# Understanding the Data

Y -> There are 2 targets
 1. ADHD diagnosis (0- None, 1- ADHD)
 2. Sex (0- Male, 1 - Female)

X ->
1. Metadata A + B = Socio Demographics Information (Quantitative + Categorical)
2. Functional MRI Matrices  (Dont Touch)

Combine these 2 for EDA and Model Training.

---

### Data Files

- LABELS: ADHD diagnosis and sex.
- fMRI Connectome Matrices: High-dimensional numerical data representing brain connectivity.
- Socio-Demographic Data: A mix of categorical and numerical features (e.g., handedness, education level, parenting info, emotions).

---

Others

- Instrument_Description - Description about the types of Tests taken.
- EHQ – Edinburgh Handedness Questionnaire
- APQ –Alabama Parenting Questionnaire
- SDQ – Strength and Difficulties Questionnaire.

I believe these things are for knowledge and may be useful for features development and understanding.

---

# Exploratory Data Analysis (EDA)

✅ Missing data should be handled before checking relationships/correlations.

✅ Normalization/standardization should be done after checking relationships/correlations to avoid distorting the data.

## 1️⃣ Deeper Understanding of Data


✅ Steps:

- Load the dataset (CSV, Excel, SQL, JSON, etc.).
- Check the data structure: Number of rows & columns (df.shape).
- Inspect column names & data types (df.info()).
- Check the first few rows (df.head()).
Look at variable descriptions (refer to data dictionary).

### 2️⃣ Data Cleaning & Handling Missing Values

💡 Goal: Fix inconsistencies, deal with NaNs, and clean the data

✅ Steps:

- Identify missing values (df.isnull().sum()).
- Decide how to handle NaNs:
-- Drop rows (df.dropna()).
-- Fill with mean/median (df.fillna(df.mean())).
-- Fill categorical NaNs with mode (df.fillna(df.mode()[0])).

- Remove duplicates (df.duplicated().sum() → df.drop_duplicates()).
- Fix inconsistencies (e.g., standardize categorical values: "Male"/"male" → "Male").

### 3️⃣ Feature Understanding & Exploration

💡 Goal: Analyze the features, distributions, and relationships

✅ Steps:

### A. Univariate Analysis (Individual Feature Analysis)
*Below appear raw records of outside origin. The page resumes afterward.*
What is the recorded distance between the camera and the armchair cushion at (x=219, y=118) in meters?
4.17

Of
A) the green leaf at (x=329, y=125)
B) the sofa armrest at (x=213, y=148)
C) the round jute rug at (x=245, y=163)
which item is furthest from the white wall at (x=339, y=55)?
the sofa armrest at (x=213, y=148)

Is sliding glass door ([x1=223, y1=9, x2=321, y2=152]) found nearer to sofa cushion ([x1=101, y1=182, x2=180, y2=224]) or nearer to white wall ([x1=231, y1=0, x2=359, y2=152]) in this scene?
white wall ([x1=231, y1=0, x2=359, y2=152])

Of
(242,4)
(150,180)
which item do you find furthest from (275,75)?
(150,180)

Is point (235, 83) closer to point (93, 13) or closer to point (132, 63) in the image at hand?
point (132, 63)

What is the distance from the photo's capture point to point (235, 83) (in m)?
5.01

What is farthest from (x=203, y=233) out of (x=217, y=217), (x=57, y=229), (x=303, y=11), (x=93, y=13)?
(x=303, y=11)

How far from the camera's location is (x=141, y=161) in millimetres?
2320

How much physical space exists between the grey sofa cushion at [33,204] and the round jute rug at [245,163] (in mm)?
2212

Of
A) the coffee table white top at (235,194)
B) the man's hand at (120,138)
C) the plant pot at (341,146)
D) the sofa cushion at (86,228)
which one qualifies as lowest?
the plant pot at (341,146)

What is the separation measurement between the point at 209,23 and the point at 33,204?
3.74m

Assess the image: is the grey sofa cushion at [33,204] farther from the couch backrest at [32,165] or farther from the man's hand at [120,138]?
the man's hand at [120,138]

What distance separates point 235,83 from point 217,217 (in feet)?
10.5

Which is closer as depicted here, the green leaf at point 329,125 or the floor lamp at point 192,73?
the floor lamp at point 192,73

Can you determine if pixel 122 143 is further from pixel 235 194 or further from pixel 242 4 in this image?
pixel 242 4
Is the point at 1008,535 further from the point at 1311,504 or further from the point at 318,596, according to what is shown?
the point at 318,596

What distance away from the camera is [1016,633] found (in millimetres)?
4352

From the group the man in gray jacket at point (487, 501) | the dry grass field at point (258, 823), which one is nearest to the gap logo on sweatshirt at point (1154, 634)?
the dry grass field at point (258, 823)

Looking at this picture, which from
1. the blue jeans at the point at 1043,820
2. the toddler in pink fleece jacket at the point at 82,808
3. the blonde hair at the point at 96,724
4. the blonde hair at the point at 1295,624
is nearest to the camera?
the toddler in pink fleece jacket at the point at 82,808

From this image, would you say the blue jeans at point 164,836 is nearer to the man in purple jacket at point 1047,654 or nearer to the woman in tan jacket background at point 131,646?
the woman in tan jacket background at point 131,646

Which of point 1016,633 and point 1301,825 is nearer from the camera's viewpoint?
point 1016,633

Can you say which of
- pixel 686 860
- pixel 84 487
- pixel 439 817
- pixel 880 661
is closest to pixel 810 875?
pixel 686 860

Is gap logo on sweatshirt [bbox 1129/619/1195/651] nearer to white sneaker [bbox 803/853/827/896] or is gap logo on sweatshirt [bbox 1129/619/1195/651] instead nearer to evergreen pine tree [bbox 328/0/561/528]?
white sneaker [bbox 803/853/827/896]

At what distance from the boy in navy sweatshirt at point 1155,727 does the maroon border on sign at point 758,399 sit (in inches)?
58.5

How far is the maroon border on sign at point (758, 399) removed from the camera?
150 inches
📊 For numerical variables:

- Summary statistics (df.describe()).
- Histograms (sns.histplot(df['column'])).
- Box plots (to check for outliers).

📊 For categorical variables:

- Value counts (df['column'].value_counts()).
- Bar plots (sns.countplot(x=df['column'])).

### B. Bivariate Analysis (Feature-to-Feature Relationships)
📌 Numerical vs. Numerical:

- Correlation matrix (df.corr(), sns.heatmap(df.corr())).
- Scatter plots (sns.scatterplot(x='feature1', y='feature2', data=df)).
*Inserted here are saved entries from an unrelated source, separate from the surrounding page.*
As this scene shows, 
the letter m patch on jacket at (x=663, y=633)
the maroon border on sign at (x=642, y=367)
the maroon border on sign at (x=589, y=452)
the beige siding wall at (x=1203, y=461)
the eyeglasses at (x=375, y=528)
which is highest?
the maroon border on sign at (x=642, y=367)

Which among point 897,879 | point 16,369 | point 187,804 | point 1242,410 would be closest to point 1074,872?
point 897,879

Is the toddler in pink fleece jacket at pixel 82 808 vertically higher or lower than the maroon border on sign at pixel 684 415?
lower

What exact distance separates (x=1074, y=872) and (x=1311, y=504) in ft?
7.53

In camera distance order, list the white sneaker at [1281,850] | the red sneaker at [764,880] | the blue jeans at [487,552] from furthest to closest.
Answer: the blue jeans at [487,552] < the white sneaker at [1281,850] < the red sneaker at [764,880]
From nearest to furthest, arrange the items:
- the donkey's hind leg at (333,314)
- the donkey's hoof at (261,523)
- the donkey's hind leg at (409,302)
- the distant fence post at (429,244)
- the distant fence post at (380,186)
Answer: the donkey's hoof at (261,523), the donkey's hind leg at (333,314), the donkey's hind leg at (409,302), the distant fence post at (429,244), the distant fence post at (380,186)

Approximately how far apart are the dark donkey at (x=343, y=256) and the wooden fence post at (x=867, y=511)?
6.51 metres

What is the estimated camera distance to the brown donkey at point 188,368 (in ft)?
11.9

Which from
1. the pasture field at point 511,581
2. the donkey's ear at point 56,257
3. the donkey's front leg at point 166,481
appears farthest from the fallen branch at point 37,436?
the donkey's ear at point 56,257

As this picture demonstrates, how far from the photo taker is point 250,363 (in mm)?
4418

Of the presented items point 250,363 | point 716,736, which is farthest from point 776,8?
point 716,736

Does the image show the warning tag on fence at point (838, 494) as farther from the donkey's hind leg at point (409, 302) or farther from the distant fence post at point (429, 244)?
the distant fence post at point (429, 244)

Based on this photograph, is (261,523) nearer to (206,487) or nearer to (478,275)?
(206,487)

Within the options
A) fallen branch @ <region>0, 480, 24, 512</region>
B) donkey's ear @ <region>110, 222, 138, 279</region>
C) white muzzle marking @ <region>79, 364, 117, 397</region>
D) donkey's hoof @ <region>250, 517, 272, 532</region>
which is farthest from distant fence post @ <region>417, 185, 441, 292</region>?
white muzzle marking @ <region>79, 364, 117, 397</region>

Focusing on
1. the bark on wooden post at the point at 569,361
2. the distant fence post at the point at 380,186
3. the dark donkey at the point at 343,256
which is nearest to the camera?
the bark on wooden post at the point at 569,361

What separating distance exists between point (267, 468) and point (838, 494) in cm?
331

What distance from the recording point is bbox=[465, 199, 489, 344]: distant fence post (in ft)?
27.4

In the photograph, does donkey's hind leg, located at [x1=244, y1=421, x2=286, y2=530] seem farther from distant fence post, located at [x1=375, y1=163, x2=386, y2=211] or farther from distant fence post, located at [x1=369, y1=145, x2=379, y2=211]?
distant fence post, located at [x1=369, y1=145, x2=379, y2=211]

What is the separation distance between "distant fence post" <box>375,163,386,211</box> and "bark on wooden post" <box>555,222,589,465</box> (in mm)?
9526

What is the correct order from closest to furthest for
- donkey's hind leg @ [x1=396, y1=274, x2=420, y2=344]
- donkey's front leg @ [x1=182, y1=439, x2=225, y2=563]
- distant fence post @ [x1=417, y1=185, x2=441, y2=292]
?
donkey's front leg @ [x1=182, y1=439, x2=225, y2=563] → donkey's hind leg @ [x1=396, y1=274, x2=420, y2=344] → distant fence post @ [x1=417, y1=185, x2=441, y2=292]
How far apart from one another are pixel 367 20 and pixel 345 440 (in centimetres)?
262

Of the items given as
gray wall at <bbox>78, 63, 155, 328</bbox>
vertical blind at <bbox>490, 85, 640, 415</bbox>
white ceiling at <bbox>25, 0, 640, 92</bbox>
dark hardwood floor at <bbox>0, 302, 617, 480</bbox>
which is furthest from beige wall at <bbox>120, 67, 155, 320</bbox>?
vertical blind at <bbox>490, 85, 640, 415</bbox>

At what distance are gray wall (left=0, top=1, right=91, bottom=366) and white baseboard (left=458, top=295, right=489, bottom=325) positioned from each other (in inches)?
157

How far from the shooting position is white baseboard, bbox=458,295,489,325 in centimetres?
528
📌 Categorical vs. Numerical:

- Boxplots (sns.boxplot(x='category', y='numerical', data=df)).
- Groupby statistics (df.groupby('category')['numerical'].mean()).

📌 Categorical vs. Categorical:

- Cross-tabulation (pd.crosstab(df['cat1'], df['cat2'])).
- Stacked bar charts.

### 4️⃣ Handling Outliers & Transformations

💡 Goal: Detect and manage extreme values for better model performance

✅ Steps:

- Detect outliers using box plots or Z-score (scipy.stats.zscore()).
- Remove or cap extreme values (df[df['column'] < threshold]).
- Apply transformations if needed:
-- Log transformation for skewed data.
-- Scaling (MinMaxScaler, StandardScaler).

### 5️⃣ Feature Engineering & Encoding

💡 Goal: Transform data into a format suitable for machine learning

✅ Steps:

📌 Encoding categorical variables

- One-hot encoding (pd.get_dummies(df, columns=['categorical_column'])).
- Label encoding (sklearn.preprocessing.LabelEncoder()).

📌 Feature Engineering

- Create new features (e.g., age groups from age).
- Extract date components (year, month, etc.).

📌 Dimensionality Reduction (if needed)

- PCA (Principal Component Analysis) for high-dimensional data.

### 6️⃣ Splitting Data for Training & Model Preparation

💡 Goal: Prepare dataset for modeling

✅ Steps:

- Separate features and target (X = df.drop(columns=['target']), y = df['target']).
- Train-test split (train_test_split(X, y, test_size=0.2, random_state=42)).
- Check class distribution (for imbalanced data).
- Balance data if necessary (SMOTE, oversampling).